(Beginning of COLLECTED MATERIAL)

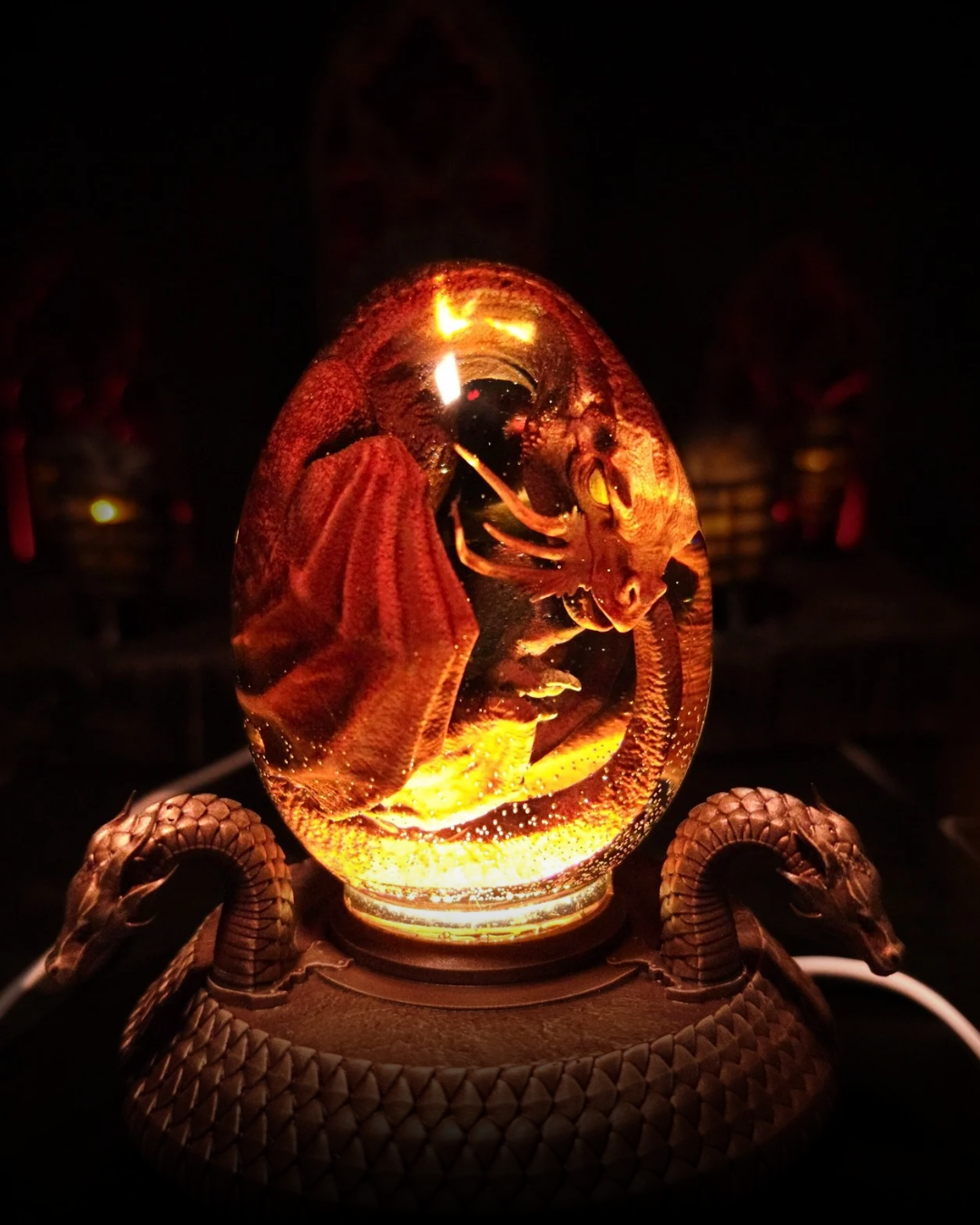 Embryon de dragon rouge en résine éclairé par un socle LED bronze - figurine fantasy The Blood Wyrm pour collectionneur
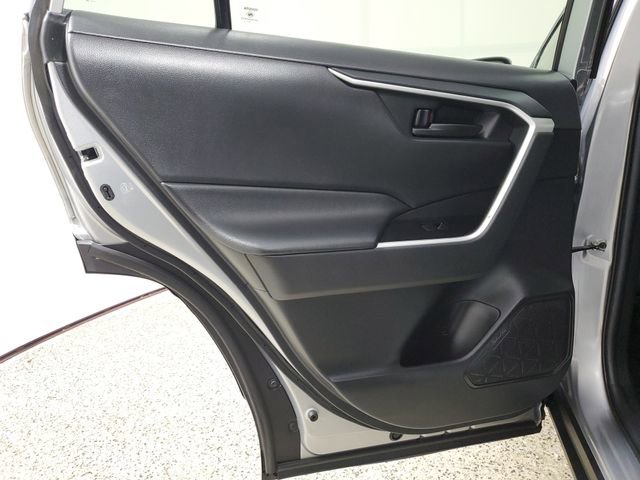 Used 2021 Toyota RAV4 LE image 16
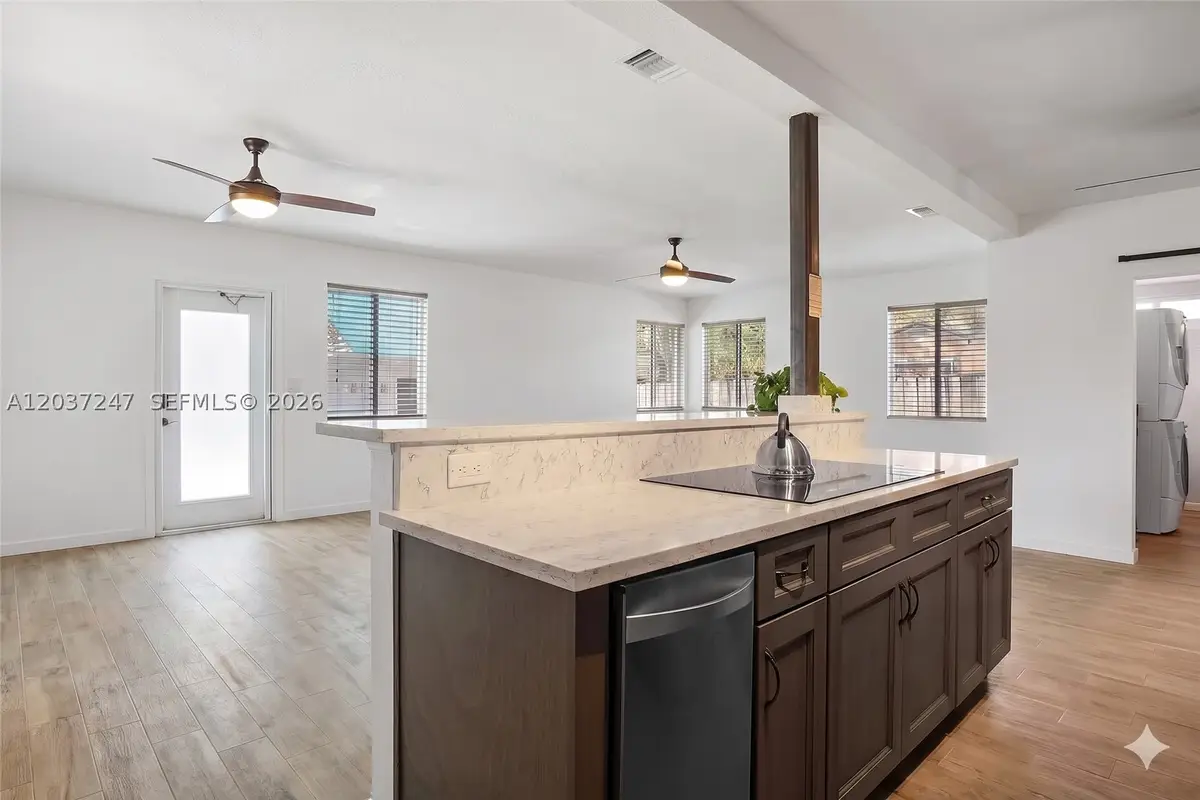 316 NW 29th St, Wilton Manors, FL 33311 - #1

(End of COLLECTED MATERIAL)

PROBLEM REQUIREMENTS:
Reproduce the listing above exactly, without a single picture.

FINISHED EXERCISE:
 Embryon de dragon rouge en résine éclairé par un socle LED bronze - figurine fantasy The Blood Wyrm pour collectionneur
 Used 2021 Toyota RAV4 LE image 16
 316 NW 29th St, Wilton Manors, FL 33311 - #1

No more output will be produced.